Records excerpted from a collection
=== Section Start ===
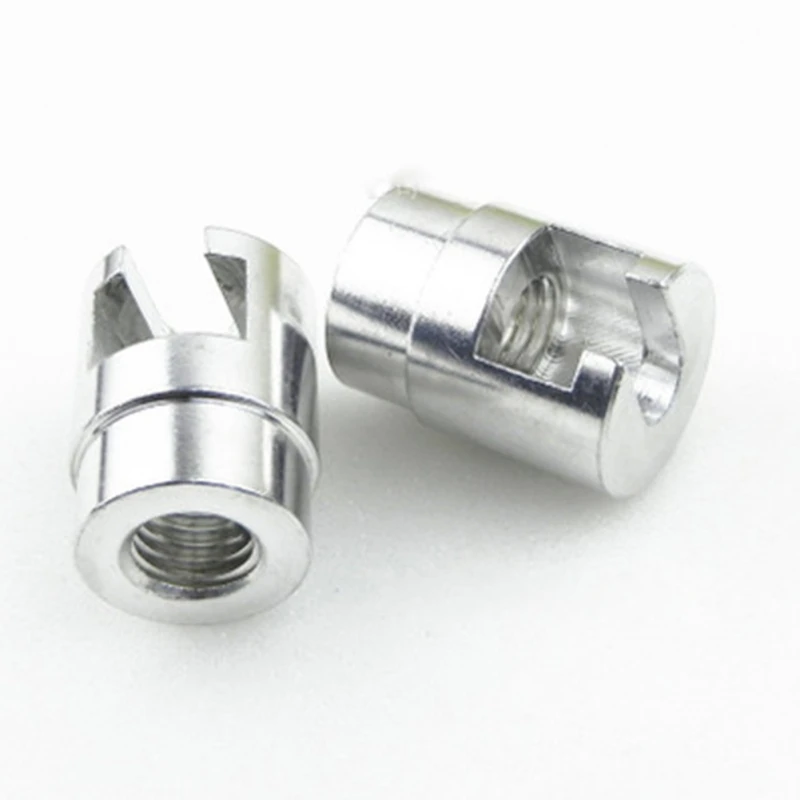 10 мм вытягиватель вмятин для кузова автомобиля инструмент ремонта ремонт набор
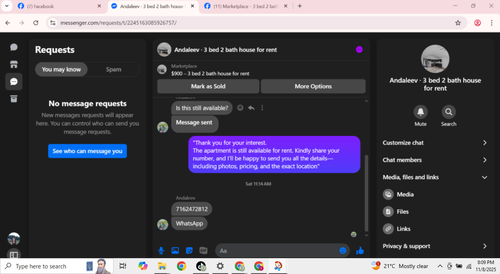 Screenshot 2025 11 08 201017.png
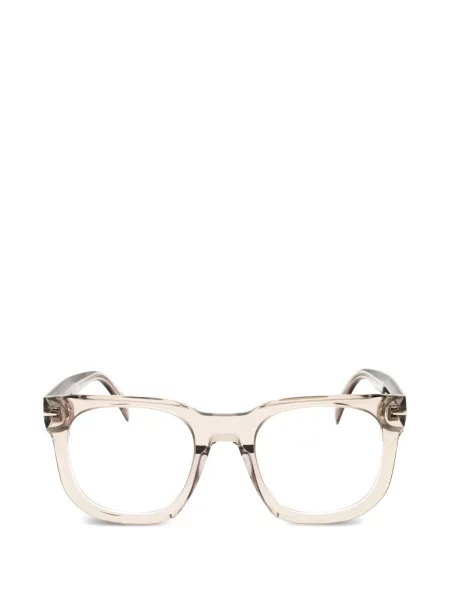 Ochelari de soare Eyewear By David Beckham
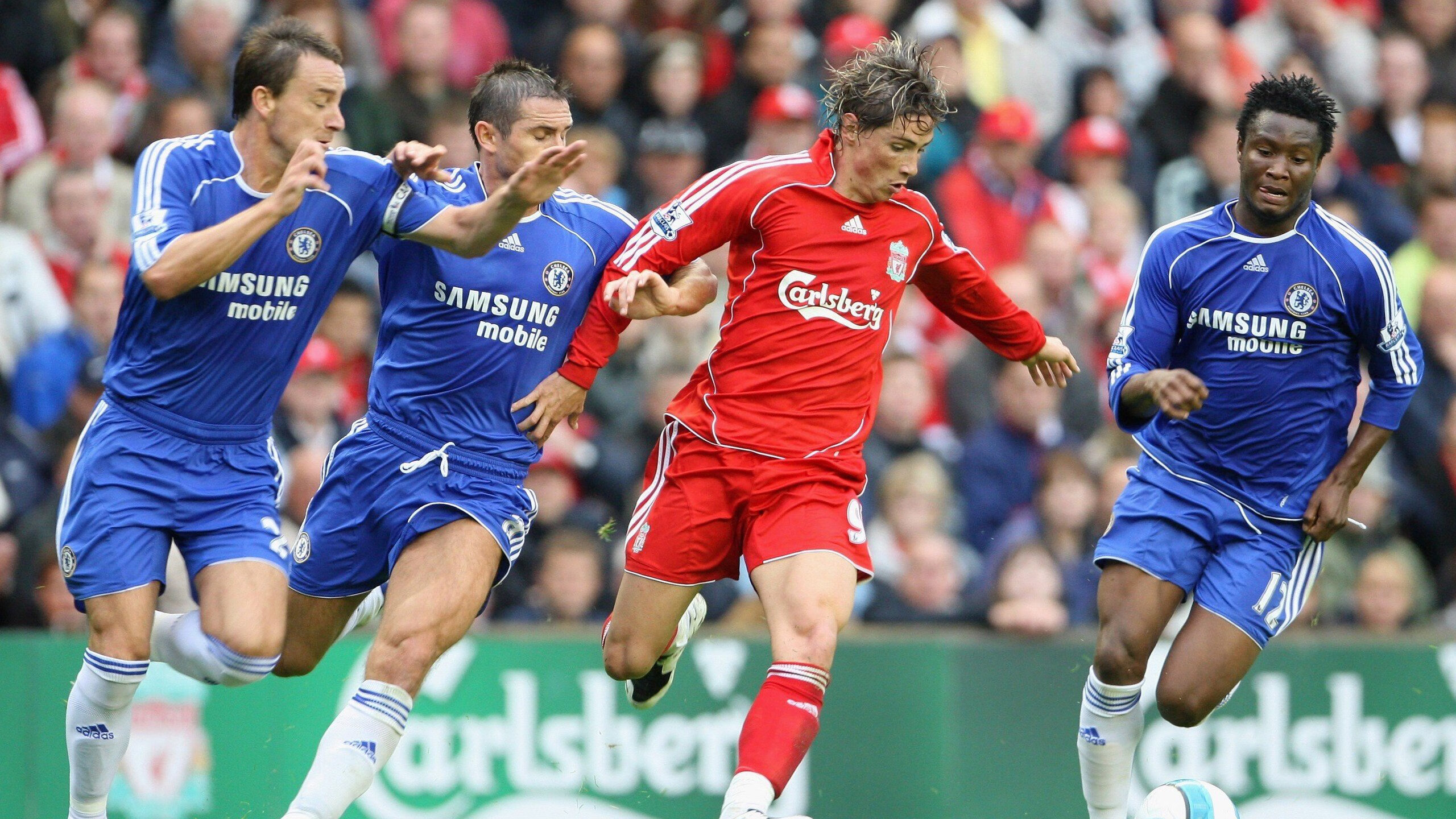 塞维利亚收割那不勒斯,恩佐扛起全队的战术革命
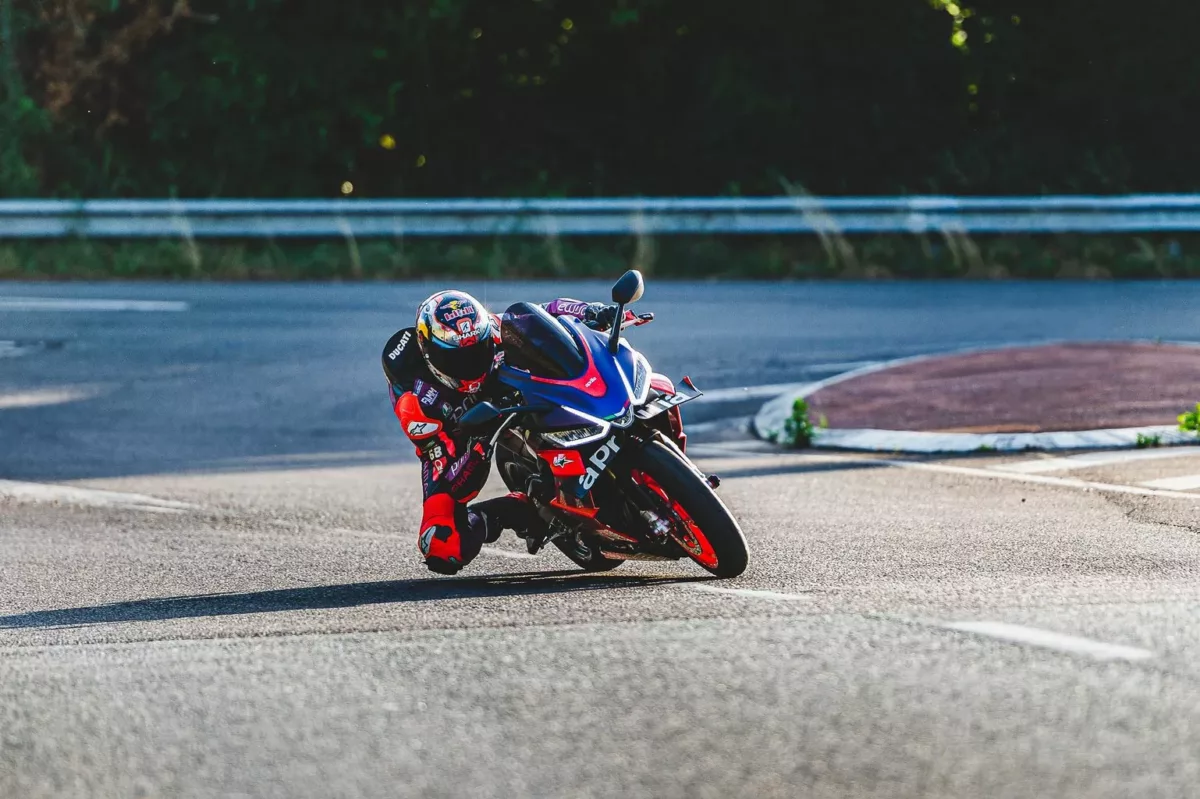 photographe moto bordeaux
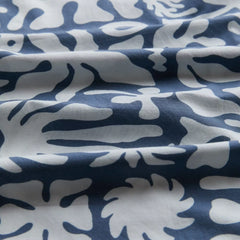 Journey Short Sleeve Shirt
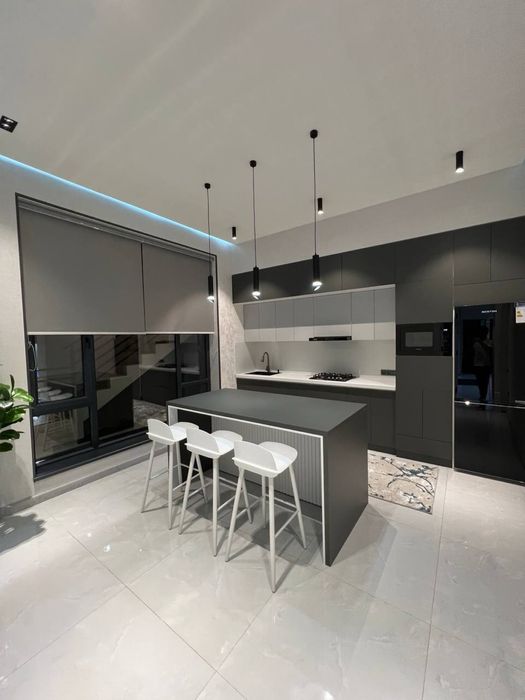 Коттедж Алматы / Аренда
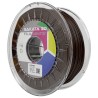 FleX-920 CHOCOLATE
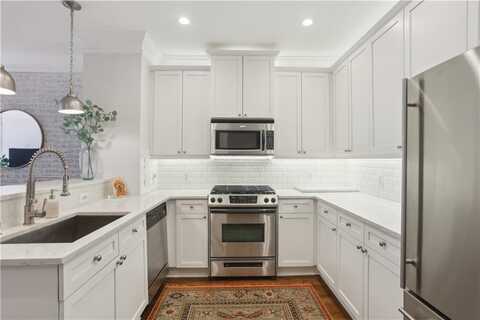 3745 Ashford Creek Avenue NE, Atlanta, GA 30319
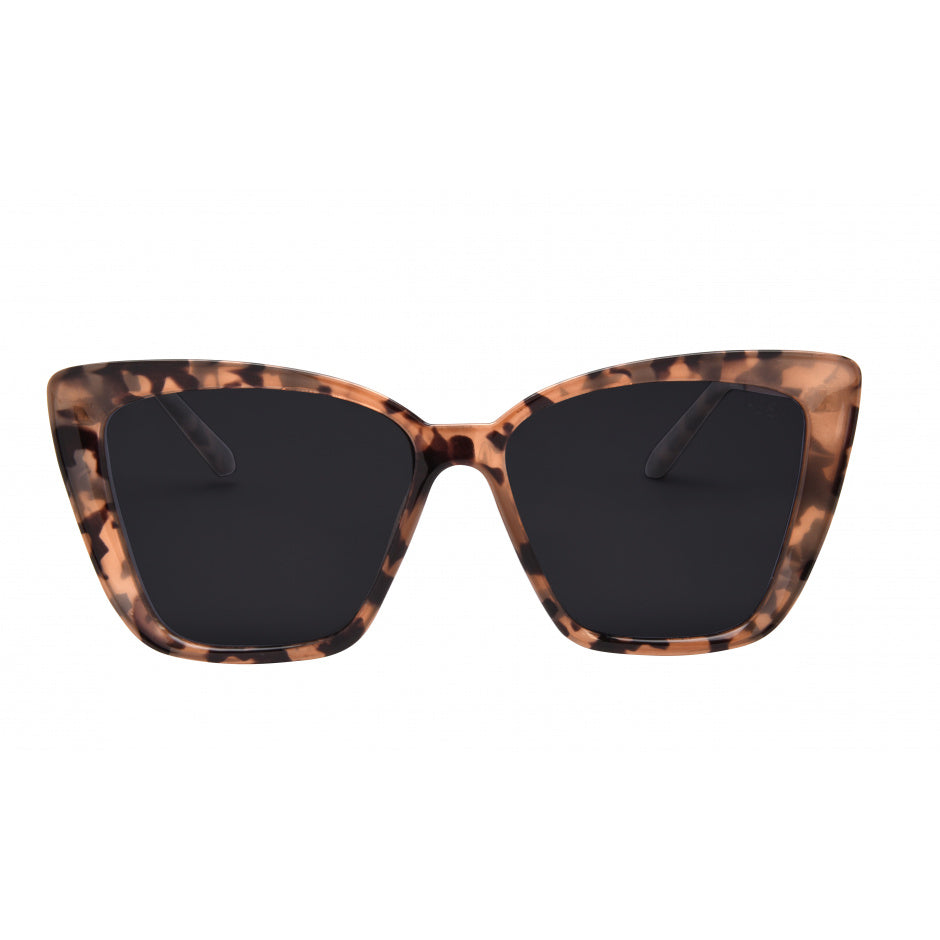 I Sea Aloha Fox Sunglasses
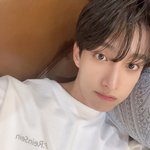 [세븐틴] <b>이도겸</b> 뭐냐..?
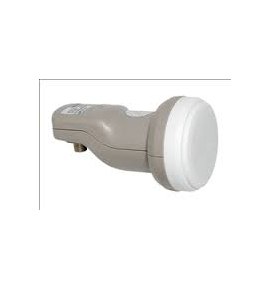 LNB-MONO UNIVERSAL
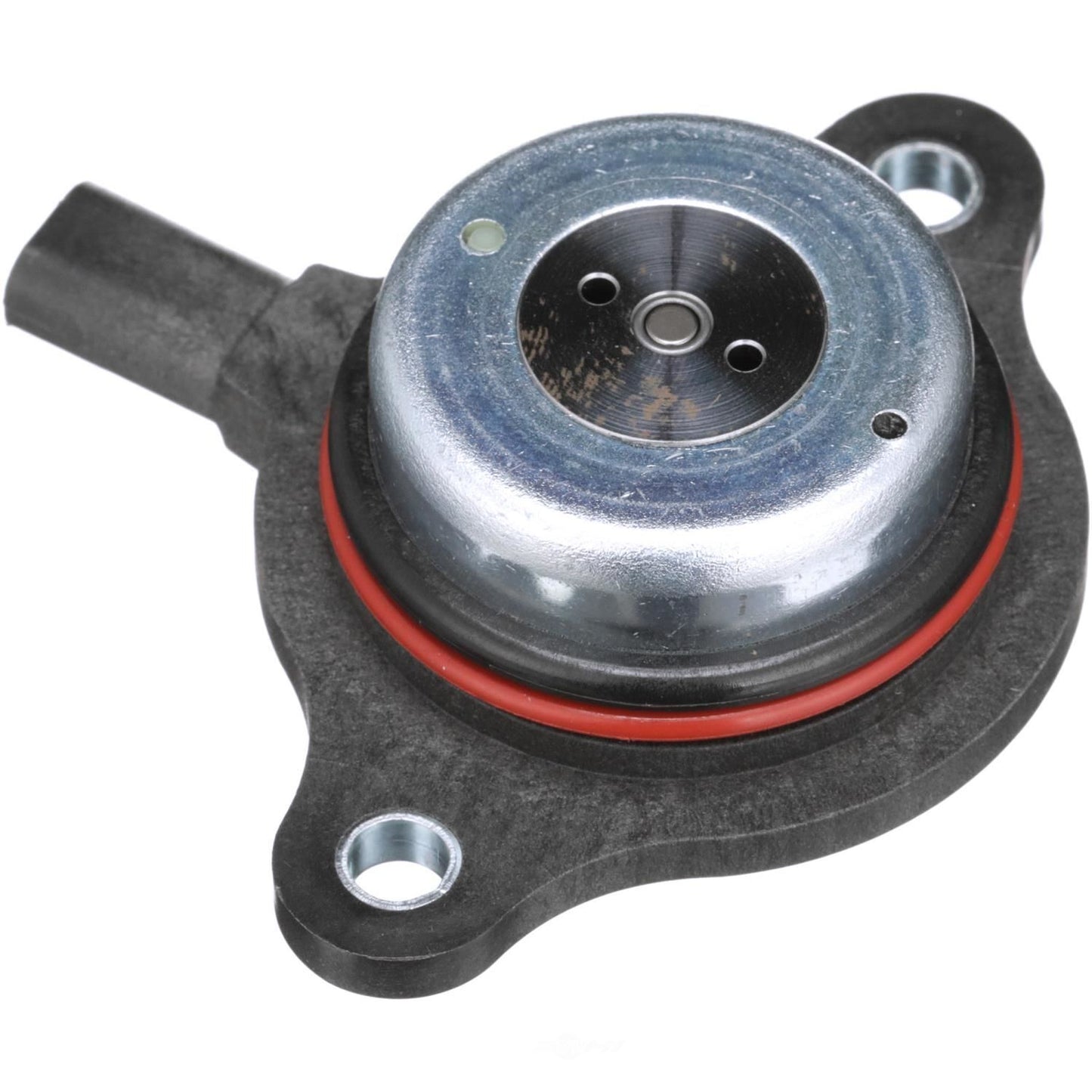 BWD VV1321 Engine Variable Valve Timing (VVT) Solenoid
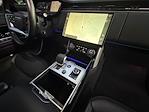 Used 2023 Land Rover Range Rover P530 SE for sale #009732 - photo 58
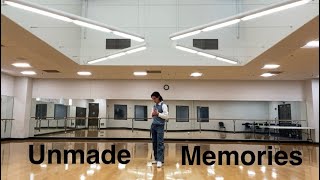 demo thumbnail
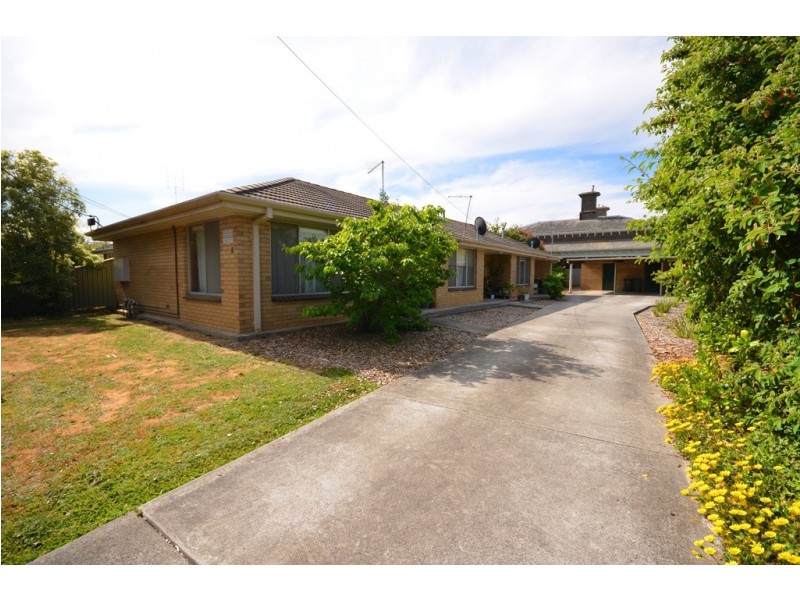 1/8 Lawrence Street, Alfredton VIC 3350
=== Section End ===
[What is being asked] Pictures are to be omitted. The lines from the line holding "3745 Ashford Creek" through the closing line of the data above are to be set down exactly, and nothing more.

[Completed task]
 3745 Ashford Creek Avenue NE, Atlanta, GA 30319
 I Sea Aloha Fox Sunglasses
 [세븐틴] <b>이도겸</b> 뭐냐..?
 LNB-MONO UNIVERSAL
 BWD VV1321 Engine Variable Valve Timing (VVT) Solenoid
 Used 2023 Land Rover Range Rover P530 SE for sale #009732 - photo 58
 demo thumbnail
 1/8 Lawrence Street, Alfredton VIC 3350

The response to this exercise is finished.